§ **Your assignment**
Could you print all of the data below again, exactly?

§ **Material provided**
════════════════
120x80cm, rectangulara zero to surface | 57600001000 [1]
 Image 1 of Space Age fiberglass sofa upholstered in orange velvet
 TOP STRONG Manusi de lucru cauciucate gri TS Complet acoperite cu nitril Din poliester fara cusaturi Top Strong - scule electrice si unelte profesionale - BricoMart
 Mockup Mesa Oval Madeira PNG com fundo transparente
════════════════
§ **Output for this exercise**
120x80cm, rectangulara zero to surface | 57600001000 [1]
 Image 1 of Space Age fiberglass sofa upholstered in orange velvet
 TOP STRONG Manusi de lucru cauciucate gri TS Complet acoperite cu nitril Din poliester fara cusaturi Top Strong - scule electrice si unelte profesionale - BricoMart
 Mockup Mesa Oval Madeira PNG com fundo transparente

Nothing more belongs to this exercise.